A concepção de que os quatro elementos (terra, ar, fogo e água) constituíam todas as
coisas era uma ideia bastante avançada e que confrontava a concepção da época. A sua tese de
que nada nasce nem morre, mas sim se associa e dissocia, é bastante atual principalmente nas
ciências atuais, opinião que é manifestada na famosa expressão de Antoine-Laurent de
Lavoisier (1743-1794): “na Natureza, nada se cria, nada se perde, tudo se transforma”. Sua
teoria de que no cosmos existe uma “guerra” entre os opostos é bastante pertinente e nos leva a
uma reflexão atual.
Por fim, percebemos que a ideia deste autor promoveu uma continuidade na evolução
do pensamento filosófico ocidental e proporcionou uma abertura de horizontes para novas
concepções que vieram posteriormente.

6 REFERÊNCIAS

ALMEIDA. Rogério Miranda de. História da filosofia antiga. Curitiba: FASBAMPRESS,


2021.

BURNET, John. A aurora da filosofia grega. Trad. Vera Ribeiro. Rio de Janeiro: Contraponto
- PUC-Rio, 2006.

CRUZ, Sebastiana Ferreira da. Cosmologia em Empédocles de Agrigento. 29 f. Monografia


(Graduação) - Filosofia, Universidade Federal do Tocantins, Palmas, 2019. Disponível em:
http://repositorio.uft.edu.br/handle/11612/1867. Acesso em: 11 mai. 2021.

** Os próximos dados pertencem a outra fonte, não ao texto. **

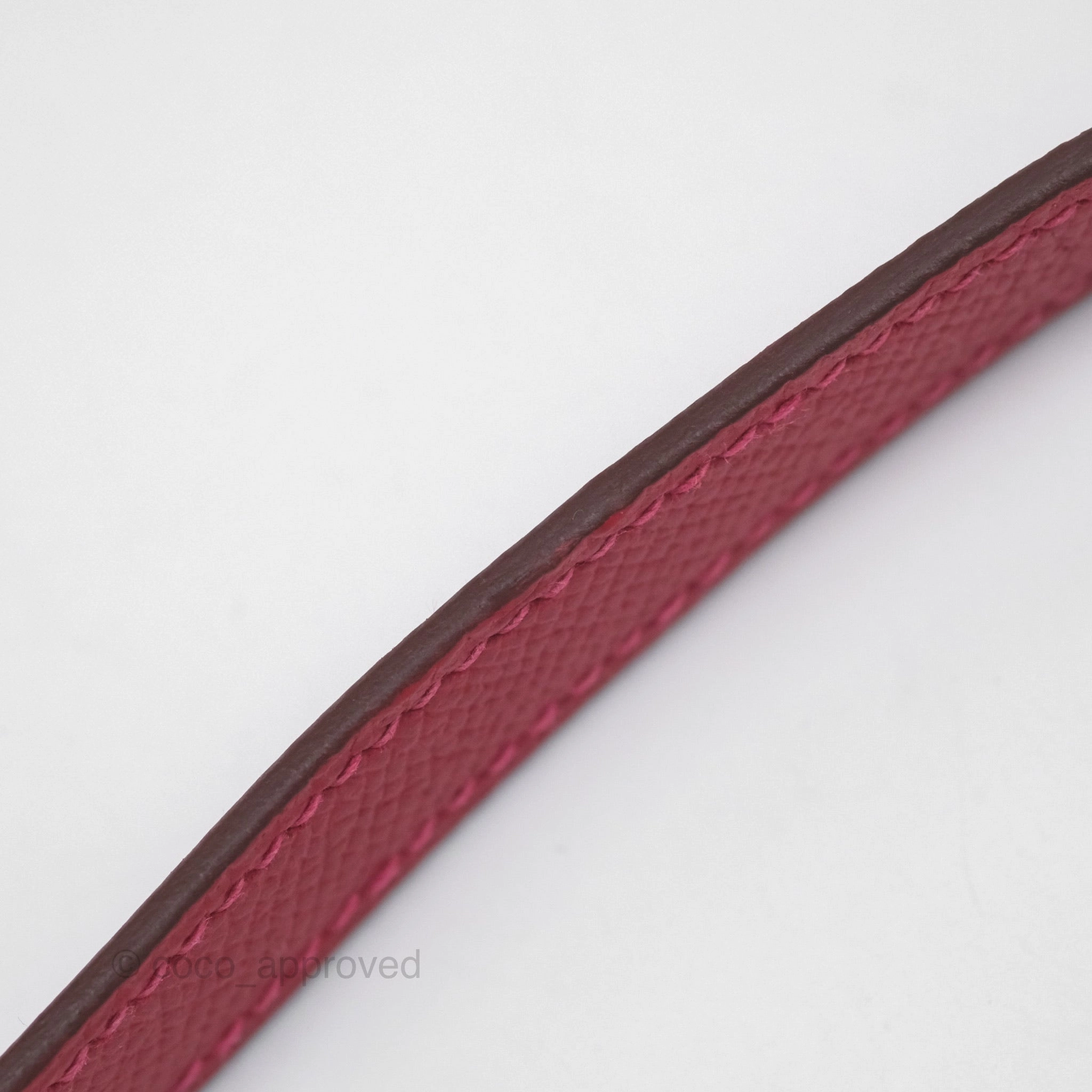 Herms Kelly 32 Sellier Rouge Casaque Q5 Epsom Gold Hardware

MORA, José Ferrater. Dicionário de Filosofia, tomo II (E-J). Trad. Maria Stela Gonçalves et
al. Loyola: São Paulo, 2001.

PRÉ SOCRÁTICOS. Os pensadores: Fragmentos, doxografia e comentários. São Paulo:


Abril, 1990. (Recuso digital). Disponível em: http://files.filosofia-
com0.webnode.com/200000001-90f1191ea9/_Colecao_Os_Pensadores__Vol_01.pdf. Acesso
em: 11 mai. 2021.

REALE, Giovanni; ANTISERI, Dario. Filosofia: Antiguidade e Idade Média. Trad. José
Bortolini. São Paulo: Paulus, 2017. Coleção filosofia.